Orphan Jane Bring Their Creepy Circus Rock Theatrics to Arlene’s
Creepy, theatrical circus rock band Orphan Jane put up some rough mixes at their Soundcloud page last year. This blog reported at the time that they sounded better in an unfinished state than most bands’ final mixes. In the time since, the band mastered and released those songs and a few others on their debut album, A Poke in the Eye, streaming at Bandcamp. They’ve also got an early gig this coming March 24 at 7:30 PM at Arlene’s; cover is $8. Generic dadrock singer Victor V. Gurbo recycles familiar Waits, Dylan and soul tropes afterward.
The album’s opening track is Whiskey and a Lie, a surreallistically rustic number that sounds like the Pogues covering a Brecht-Weill take on a sea chantey. Lost Mind is a menacing Weimar blues, frontwoman Jessica Underwood’s brassy cabaret delivery colliding with an eerie choir on the chorus over guitarist Dave Zydalis’ icepick accents and accordionist Tim Cluff’s minor-key swells. Last year, this blog described The Mansion Song as “a vividly scampering Roaring 20s noir cabaret song with uneasy Hawaiian-tinged steel guitar and a strange tale of wrongdoing and karmic payback among the idle classes.”
Still Life is a sad, bitter, klezmer-tinged waltz, bassist Robert Desjardins teaming with Cluff for a dark undercurrent as uneasy high vocal harmonies drift sepulchrally overhead. This blog previously called the album’s most vaudevillian number, Hole in the Head, “a bizarre duet between Underwood and Zydalis: he seems to be a quack doctor, she likes a smoke and a pill and some wine as a chaser, you think you can guess the rest but you really can’t.” The last of the tracks from last year’s Soundcloud page, simply titled “Murder!” welds skronky guitar and Underwood’s spot-on impersonation of a theremin to an indignantly strutting noir cabaret tune.

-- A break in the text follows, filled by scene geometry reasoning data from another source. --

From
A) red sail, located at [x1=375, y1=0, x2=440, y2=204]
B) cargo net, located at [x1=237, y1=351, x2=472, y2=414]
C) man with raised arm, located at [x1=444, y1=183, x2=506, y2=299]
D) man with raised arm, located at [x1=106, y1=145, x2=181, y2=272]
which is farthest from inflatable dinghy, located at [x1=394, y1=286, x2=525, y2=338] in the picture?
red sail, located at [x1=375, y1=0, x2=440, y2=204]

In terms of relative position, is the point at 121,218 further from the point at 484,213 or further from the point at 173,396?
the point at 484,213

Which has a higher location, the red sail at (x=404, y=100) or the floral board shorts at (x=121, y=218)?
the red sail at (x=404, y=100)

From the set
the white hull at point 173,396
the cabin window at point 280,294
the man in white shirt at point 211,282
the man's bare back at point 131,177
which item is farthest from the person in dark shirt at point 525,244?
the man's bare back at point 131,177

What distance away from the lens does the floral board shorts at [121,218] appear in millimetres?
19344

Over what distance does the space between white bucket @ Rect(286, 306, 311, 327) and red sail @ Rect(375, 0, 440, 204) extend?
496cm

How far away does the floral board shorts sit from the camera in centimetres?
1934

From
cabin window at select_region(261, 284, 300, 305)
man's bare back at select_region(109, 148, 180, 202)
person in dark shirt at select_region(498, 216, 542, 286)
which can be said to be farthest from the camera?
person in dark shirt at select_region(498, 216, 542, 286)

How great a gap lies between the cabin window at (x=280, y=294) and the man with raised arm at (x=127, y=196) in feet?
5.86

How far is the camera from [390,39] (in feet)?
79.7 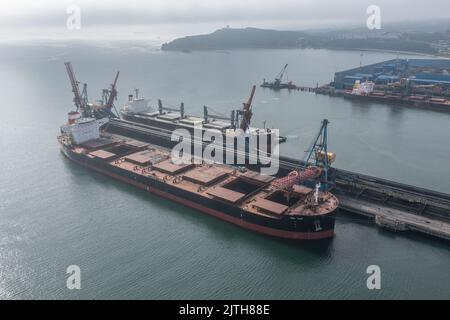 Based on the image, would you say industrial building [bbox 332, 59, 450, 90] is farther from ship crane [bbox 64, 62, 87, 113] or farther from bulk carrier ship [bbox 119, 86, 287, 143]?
ship crane [bbox 64, 62, 87, 113]

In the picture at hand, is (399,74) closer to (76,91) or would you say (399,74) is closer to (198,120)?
(198,120)

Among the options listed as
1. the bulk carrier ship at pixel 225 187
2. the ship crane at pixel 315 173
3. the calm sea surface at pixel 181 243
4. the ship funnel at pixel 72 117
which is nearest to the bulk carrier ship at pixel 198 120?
the calm sea surface at pixel 181 243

Underwood sings the murderously bouncy Losing Touch, the tale of a stage mom and her daughter with an evil agenda. The nocturnally waltzing final track, Night with a Stranger is a funny cautionary tale: be careful who you take home from the bar in the wee hours. There’s also a deadpan cover of Dylan’s surrealist stoner country tune You Ain’t Going Nowhere. There are scores of theatre kids who’ll hire an accordionist to play their campy cloak-and-dagger narratives, but Orphan Jane really get this style of music. Much as it’s a lot of fun, they always leave you guessing whether maybe they might actually be up to no good. A stealth contender for one of 2015’s best albums.